**Available data:**
*****

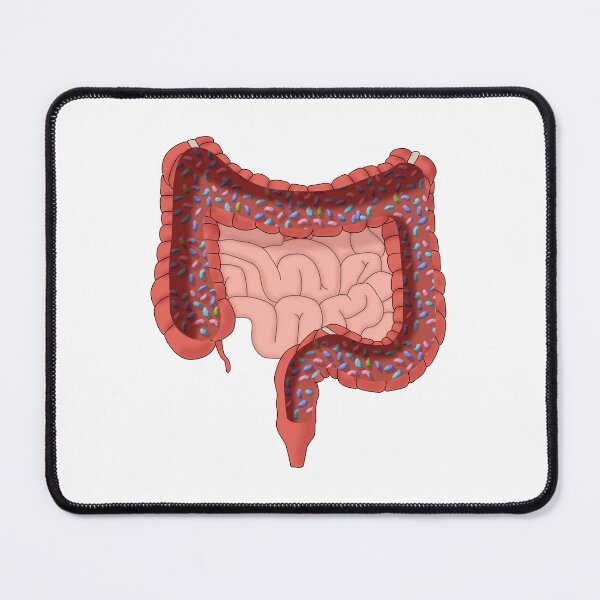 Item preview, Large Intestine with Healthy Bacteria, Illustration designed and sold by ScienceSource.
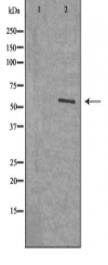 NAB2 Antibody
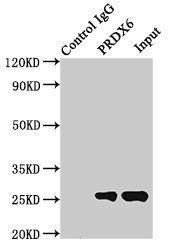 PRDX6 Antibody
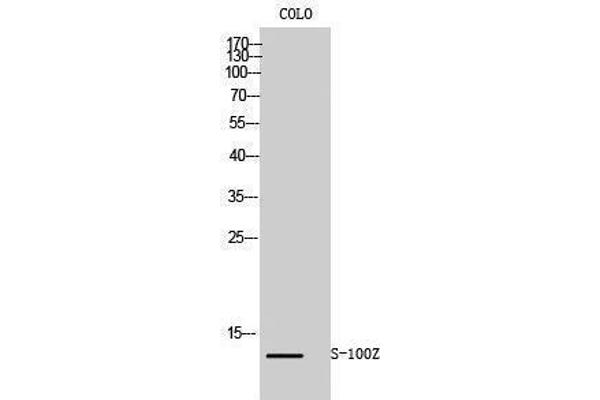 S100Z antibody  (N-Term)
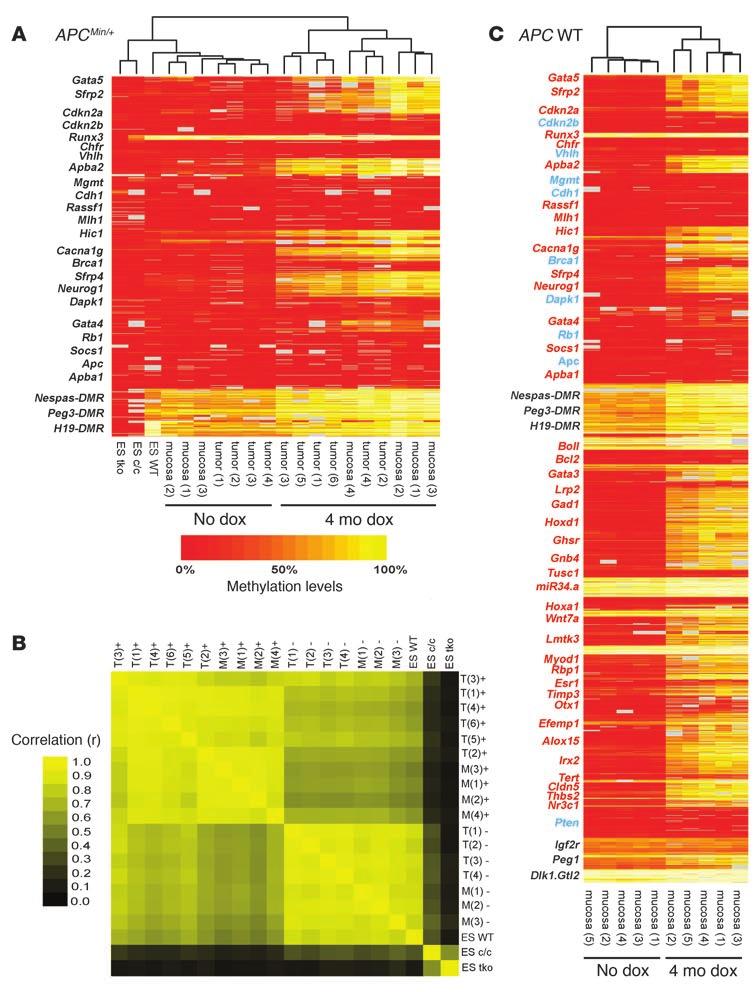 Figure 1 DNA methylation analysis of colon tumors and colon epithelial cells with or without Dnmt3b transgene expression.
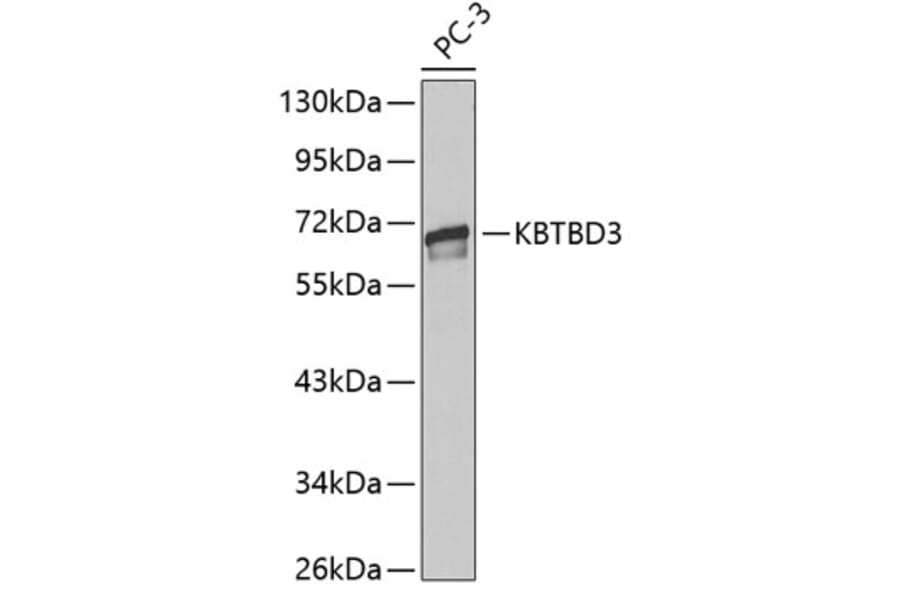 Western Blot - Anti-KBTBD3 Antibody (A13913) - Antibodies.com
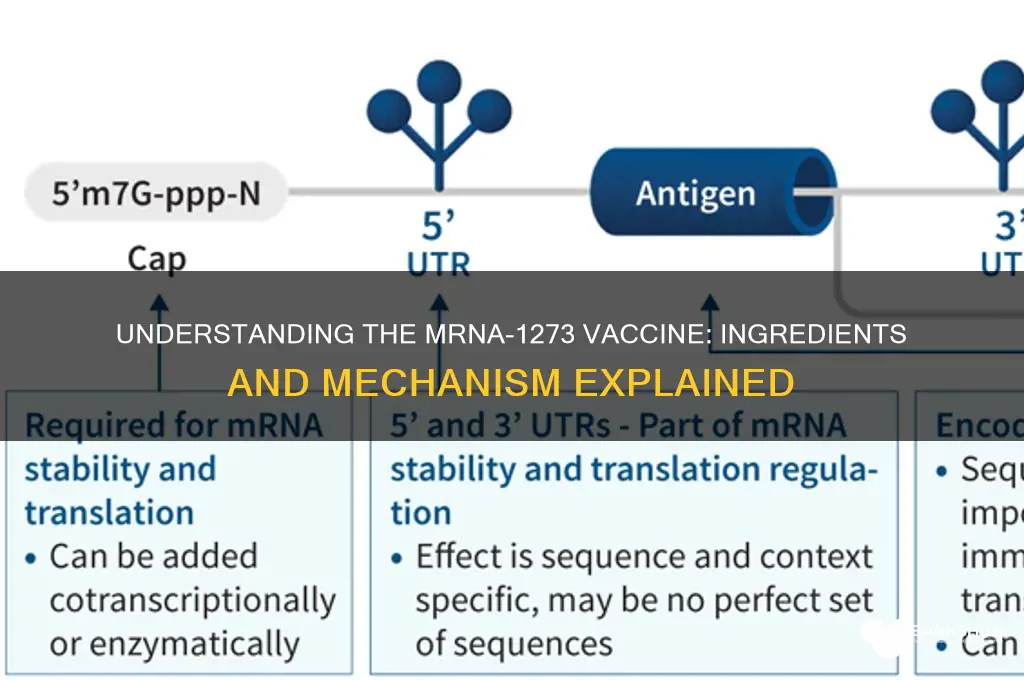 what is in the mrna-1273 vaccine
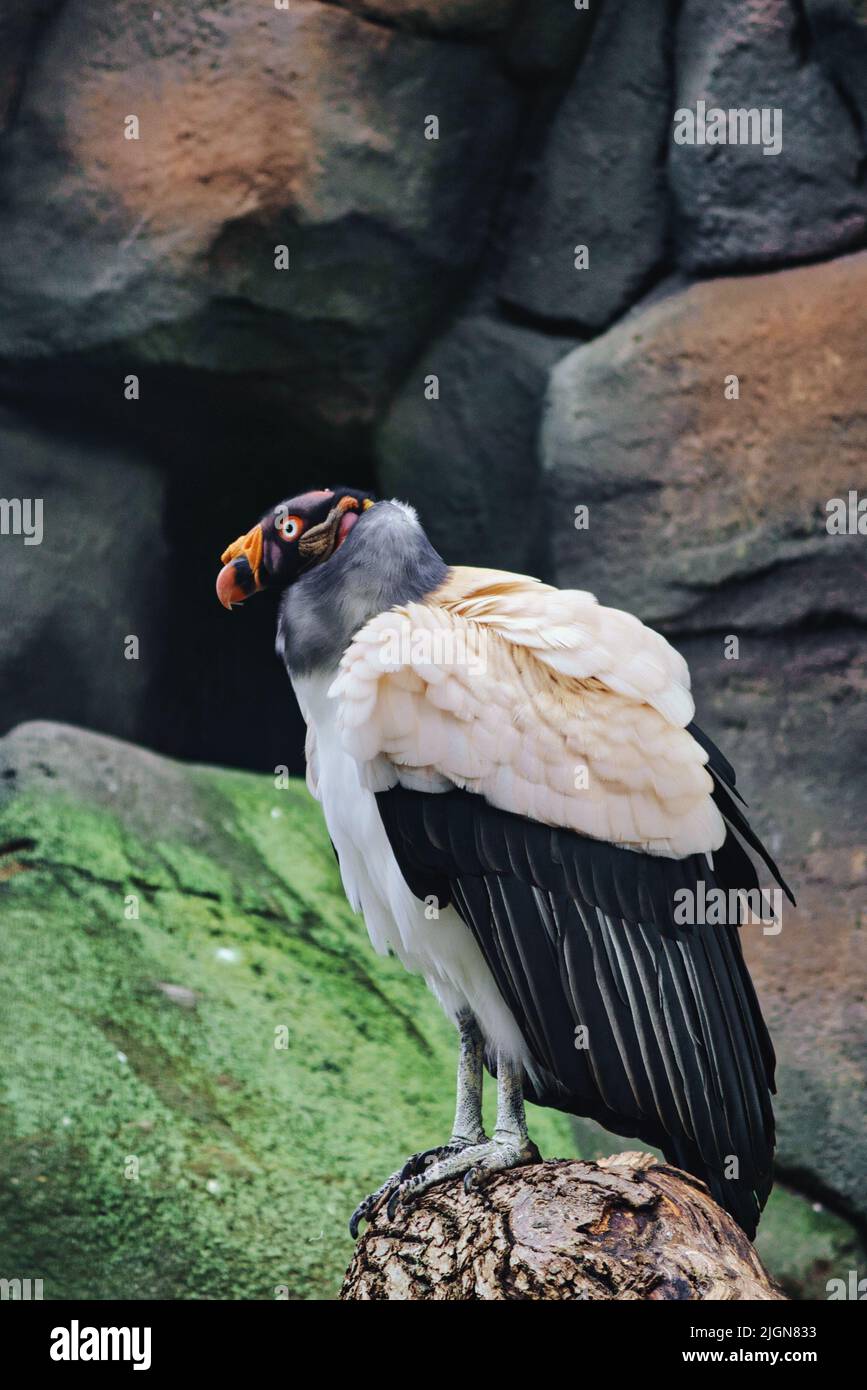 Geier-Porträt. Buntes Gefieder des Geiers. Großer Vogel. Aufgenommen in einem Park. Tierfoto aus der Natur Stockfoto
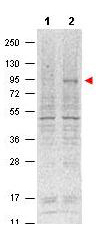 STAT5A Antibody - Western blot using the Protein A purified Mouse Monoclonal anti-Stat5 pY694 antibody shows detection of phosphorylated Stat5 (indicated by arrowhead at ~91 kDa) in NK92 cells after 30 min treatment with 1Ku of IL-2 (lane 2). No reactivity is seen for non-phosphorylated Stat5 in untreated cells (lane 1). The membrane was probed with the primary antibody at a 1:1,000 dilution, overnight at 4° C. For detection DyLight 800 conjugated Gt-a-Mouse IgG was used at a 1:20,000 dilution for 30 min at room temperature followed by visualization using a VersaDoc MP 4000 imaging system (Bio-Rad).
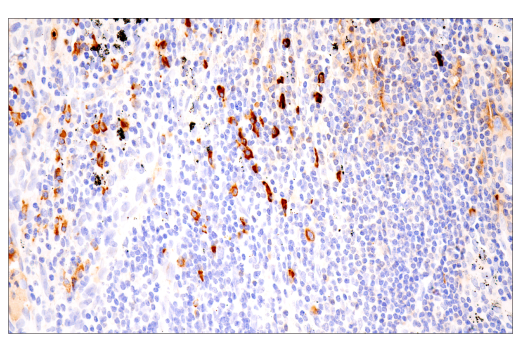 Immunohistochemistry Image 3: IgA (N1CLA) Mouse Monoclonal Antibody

*****

**Exercise directions:**
If a record holds a picture, drop the picture and return the rest of it exactly.

**Output for this task:**
 Item preview, Large Intestine with Healthy Bacteria, Illustration designed and sold by ScienceSource.
 NAB2 Antibody
 PRDX6 Antibody
 S100Z antibody  (N-Term)
 Figure 1 DNA methylation analysis of colon tumors and colon epithelial cells with or without Dnmt3b transgene expression.
 Western Blot - Anti-KBTBD3 Antibody (A13913) - Antibodies.com
 what is in the mrna-1273 vaccine
 Geier-Porträt. Buntes Gefieder des Geiers. Großer Vogel. Aufgenommen in einem Park. Tierfoto aus der Natur Stockfoto
 STAT5A Antibody - Western blot using the Protein A purified Mouse Monoclonal anti-Stat5 pY694 antibody shows detection of phosphorylated Stat5 (indicated by arrowhead at ~91 kDa) in NK92 cells after 30 min treatment with 1Ku of IL-2 (lane 2). No reactivity is seen for non-phosphorylated Stat5 in untreated cells (lane 1). The membrane was probed with the primary antibody at a 1:1,000 dilution, overnight at 4° C. For detection DyLight 800 conjugated Gt-a-Mouse IgG was used at a 1:20,000 dilution for 30 min at room temperature followed by visualization using a VersaDoc MP 4000 imaging system (Bio-Rad).
 Immunohistochemistry Image 3: IgA (N1CLA) Mouse Monoclonal Antibody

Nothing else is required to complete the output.